The state of Florida is asking a judge to dismiss an attempt to include the state’s preschool program in a lawsuit challenging multiple aspects of its K-12 system.
The groups suing the state over education funding and other issues widened the five-year-old lawsuit in late May, adding new arguments about charter schools, McKay scholarships, and tax credit scholarships. They also added a new argument that the state’s preschoolers do not have access to a “high quality pre-kindergarten learning opportunity” required in the state’s constitution.
Lawyers for the state argued in court papers filed last week that the pre-K claims raise an issue outside the scope of the original lawsuit, and deal with a separate provision of the state constitution, approved by voters in 2002, that led to the creation of Florida’s Voluntary Pre-K program. They said if someone wants to take the state to court over its early learning system, they should do so in a separate suit.
“The new claims regarding Florida’s voluntary pre-kindergarten program do not involve facts or law in common with the current case,” their motion says. “The voluntary pre-kindergarten program arises under a different constitutional provision from the K-12 public education system with a different structure and different constitutional standards.”

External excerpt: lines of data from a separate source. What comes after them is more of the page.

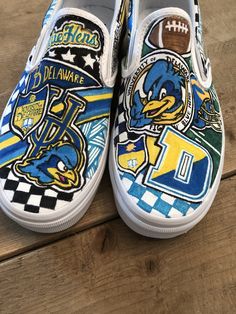 Custom, hand painted slip on Vans University of Delaware Blue Hens sneakers. Can be done in Converse with your school or logo! Contact me to create your custom pair! Blue Custom Artwork Sneakers, Artistic Blue Sneakers For Streetwear, Custom Hand Painted Blue Sneakers, Custom Blue Hand Painted Sneakers, Blue Custom Artwork High-top Sneakers, Blue High-top Sneakers With Custom Artwork, Blue Custom Artwork Sneakers With Round Toe, Artistic Blue Custom Sneakers With Waterproof Paint, Blue Custom Sneakers With Artwork And Round Toe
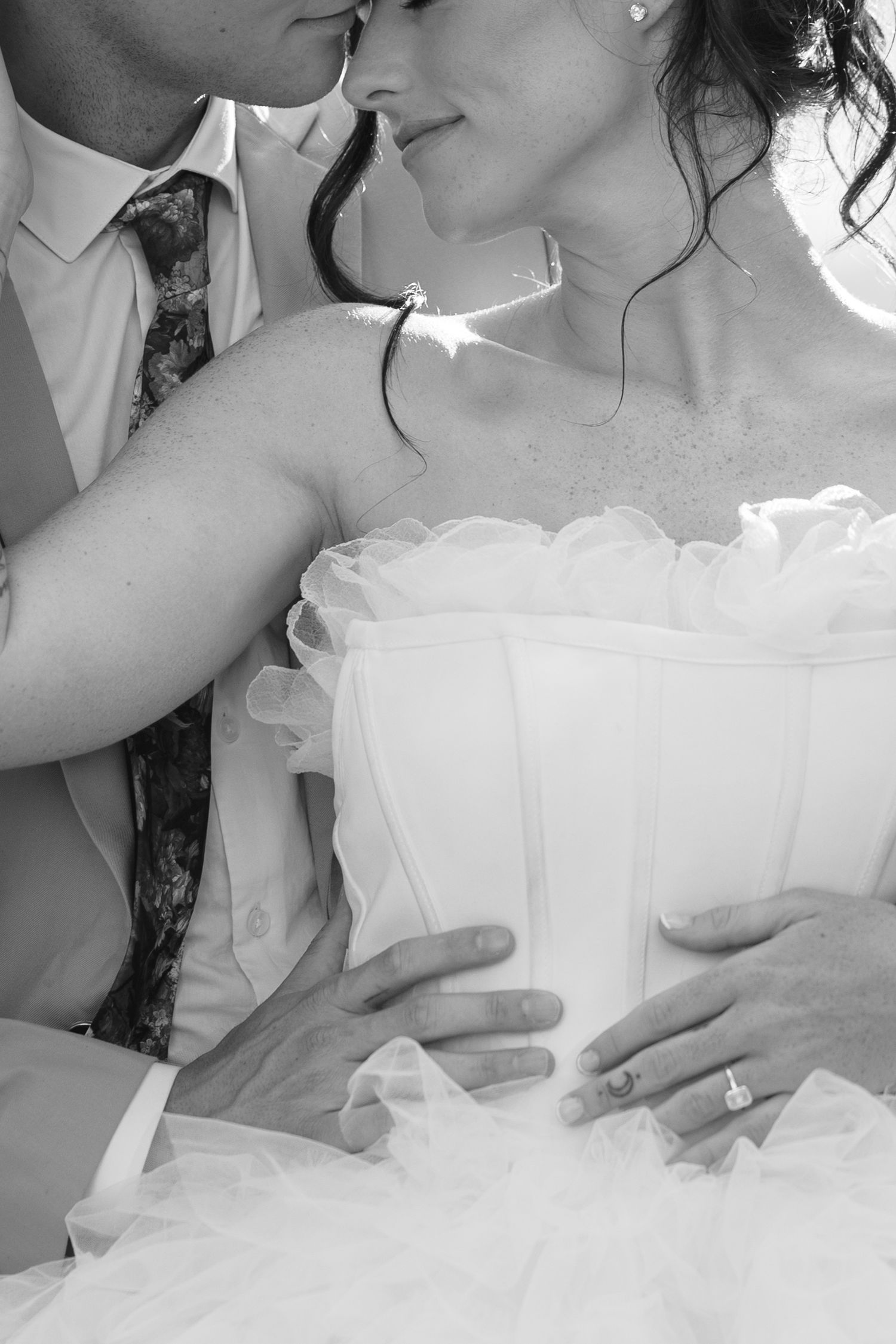 Black and white photo of a bride and groom in an intimate moment, her diamond ring visible on his hand at her waist.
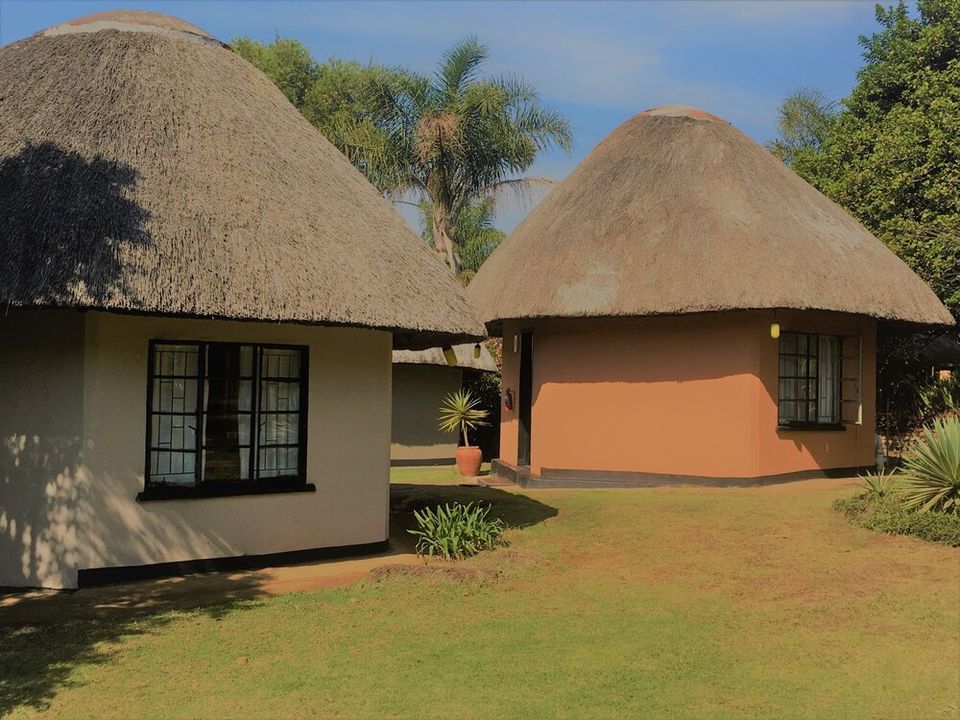 A thatched rondavel with its own entrance, set among established garden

They also say none of the plaintiffs, who include public school students and several persistent critics of Florida’s education policies, has direct ties to the state’s Pre-K system.
The K-12 portion of the case deals with issues from funding and standardized testing to student safety and school choice. All of those arguments could technically center on a provision of the state constitution requiring a “uniform” and “adequate” K-12 public education system.
The state’s lawyers say arguments on those issues are expected to last four to six weeks when the case comes before a Leon County judge more than a year from now. Adding Pre-K to the mix, they write, could drag the case out even longer.